Foi para ampliar essa lista – e ajudar a fortalecer um momento tão importante na defesa da democracia brasileira –, que o Portal EPSJV/Fiocruz decidiu mapear projetos e propostas legislativas das áreas de Saúde, Educação e Trabalho que deveriam ter a atenção dos parlamentares. Para isso, a reportagem conversou com representantes de entidades que atuam em cada um desses campos, pedindo que eles elencassem os projetos de lei em tramitação que devem ser considerados prioritários, explicassem a relevância deles para o país e analisassem se existe mobilização social suficiente para pressionar pela sua aprovação. O resultado você lê abaixo.
Saúde: fim do 'orçamento secreto' e criação de carreira para o SUS
“A principal questão é haver uma reconversão do orçamento em Saúde para o Executivo, já que há uma apropriação pelo Legislativo, através da Emenda Parlamentar, que, aliás, está supervinculada a essas manifestações"

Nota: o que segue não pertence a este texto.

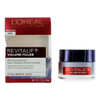 L'Oreal Revitalift Volume Filler by L'Oreal, 1.7 oz Day Cream Moisturizer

Romulo Paes de Sousa, Abrasco
“A Saúde precisa de mais dinheiro”. A constatação é de Romulo Paes de Sousa, presidente da Abrasco, a Associação Brasileira de Saúde Coletiva, que lembra que, com exceção do período da pandemia de covid-19, em que se enfrentava uma emergência sanitária, “desde 2012” o orçamento do setor não tem contato nem mesmo com a reposição da inflação da saúde O resultado, como não poderia deixa de ser, é um subfinanciamento ou mesmo desfinanciamento, diz ele. No momento em que esta matéria foi escrita, a Lei Orçamentária Anual (LOA) 2026, que tramita como PLN 15/25, aguardava despacho no Senado. Mas, na avaliação de Sousa, essa nem é a maior prioridade. “A principal questão é haver uma reconversão do orçamento em Saúde para o Executivo, já que há uma apropriação pelo Legislativo, através da Emenda Parlamentar, que, aliás, está supervinculada a essas manifestações [do dia 21 de setembro]”, diz, referindo-se ao ‘orçamento secreto’, criado pela lei nº 13.957/19. “Essa é a principal questão: a discussão dos recursos que a Saúde terá, e a possibilidade de alocá-los de uma maneira correta, o que é impedido por causa do volume crescente de Emendas Parlamentares que incidem principalmente sobre a Saúde”, completa.
Segundo Sousa, como forma de mobilização em torno do tema, a Abrasco tem debatido aspectos como a “racionalidade” de alocação das Emendas Parlamentares, “como ela é praticada” e “o prejuízo para o sistema como um todo”. Além disso, a entidade espera que esse tema seja muito debatido no 14º Congresso Brasileiro de Saúde Coletiva, que vai acontecer de 28 de novembro a 3 de dezembro, em Brasília.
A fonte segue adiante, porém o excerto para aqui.